The examples that come with the aforementioned definition are interesting, too.
The subway was covered in graffiti.
Someone had scrawled graffiti all over the school walls.
Notice the use of the verbs ‘covered’, and ‘scrawled’; ‘cover’ implies causing something to be hidden, and ‘scrawled’ suggests a lack of finesse, a flippant sort of approach to the creation. Both allude to the art being unexpected, unartistic, and most of all, unwelcome.
A lot of wall art is scribbles. The Romans had graffiti, complete with political caricatures and ‘yo mama’ jokes. And there are countless monuments in India with Sonu loves Preeti type etchings that the Archaeological Survey of India sobs about.
But not all graffiti is self-serving, or unpleasant to look at. It is disruptive, yes, visually and socially. But it is often beautiful, and it makes one think.
Consider the works of artists Keith Haring, or Jean-Michel Basquiat, who are having a revival of sorts right now. Their artwork is sold in countless merch stores, and sees collaboration with the biggest brands all over. And yet they started off in relative anonymity. Haring drew extensively about the AIDS crisis and homosexuality, and his colourful, accessible style made the topics palatable and humane. Basquiat’s avant-garde, abstract style, meanwhile, took inspiration from and acknowledged his link with the hip-hop culture of the masses, which he employed to make cutting social commentaries.
Both Haring and Basquiat’s works gained favour as their visuals became ubiquitous and fashionable, but it was the message within that made viewers first listen.
Closer to the modern day, Banksy is perhaps our best-known (and invisible) street artist. His unabashed anti-war and anti-capitalist work is synonymous with silent protest, as is his satirical commentary on current affairs.

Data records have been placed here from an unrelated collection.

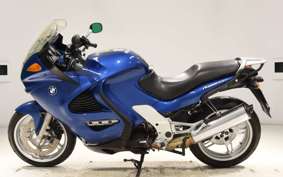 BMW K1200R S 2002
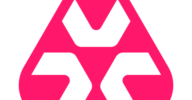 Atera Asset Management – Licence ATERA-ASSET (Asset Management Module)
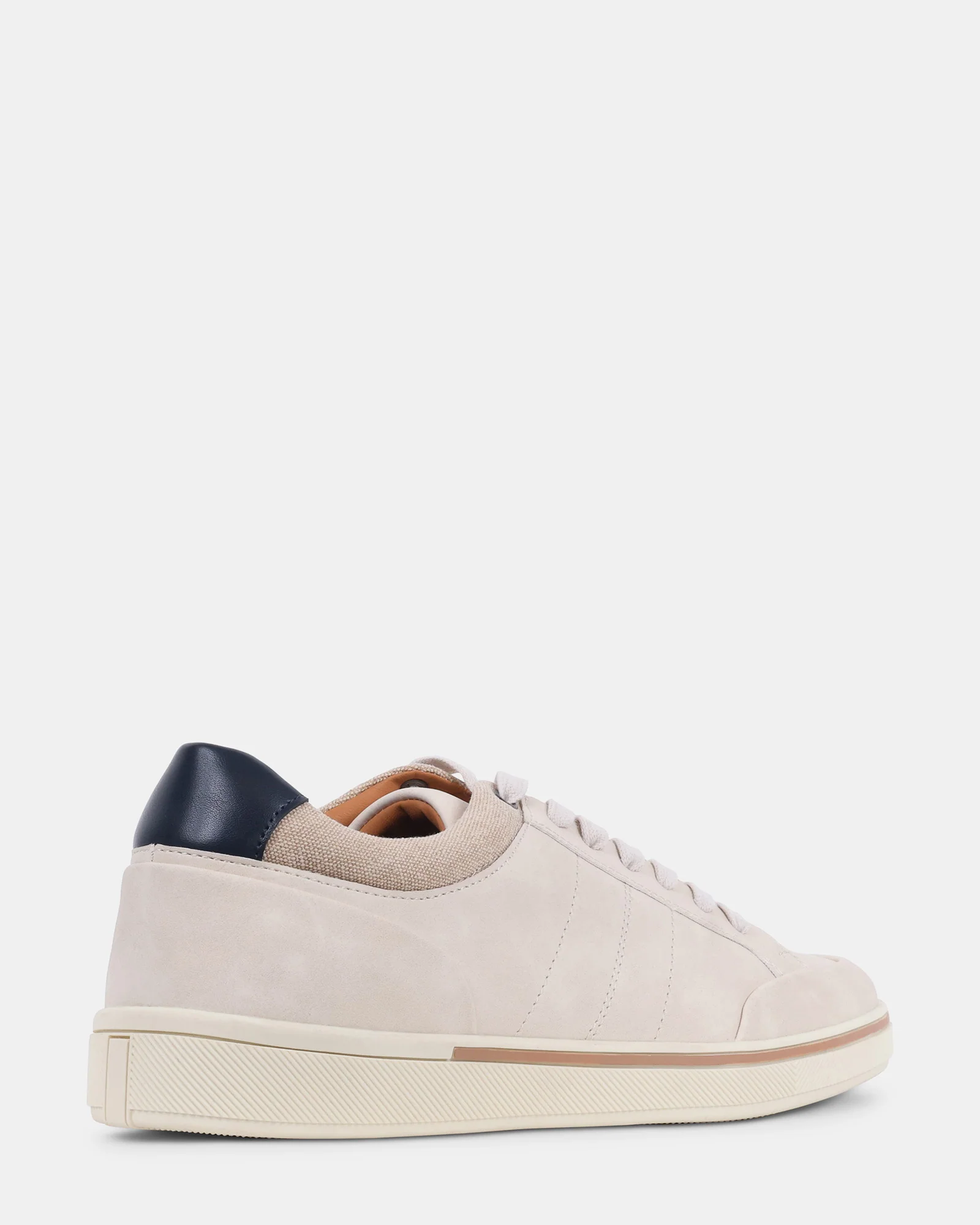 MALPENZA WHITE - Image 6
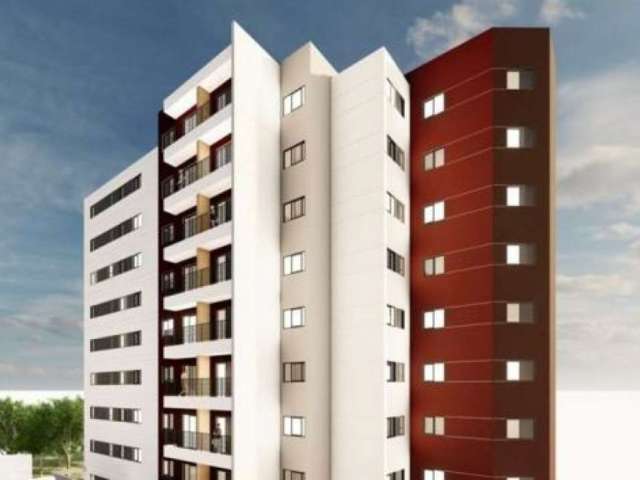 Apartamento na região do carrão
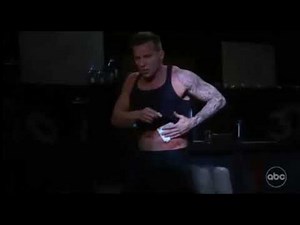 GH 03/13/24 - Jason, Danny, Michael, Willow, and Opening Credits (Jason included) - Part 1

And on a lighter note we have Wanksy, who called out governing bodies and forced them to take action. Was his artwork disturbing? Yes. Socially uncomfortable, expressing unsaids? Yes. Did it also call out those in power, and quite literally get the job done? Yes.
The words of the prophet are written on the subway walls. By writing out loud what is being felt silently, a graffiti artist enables a conversation to exist. Whether that statement gets covered up (or commissioned and appropriated) is a different matter.
Graffiti is a form of visual disturbance, a vandalism of public space. Because it is a way of claiming space, claiming a voice. It is adornment, yes; a group of vagabonds scribbling just to make trouble. But it is often also speaking to a power that has not been listening.
Because the question isn’t about why graffiti exists in a certain area; it is about why it gets painted over afterwards.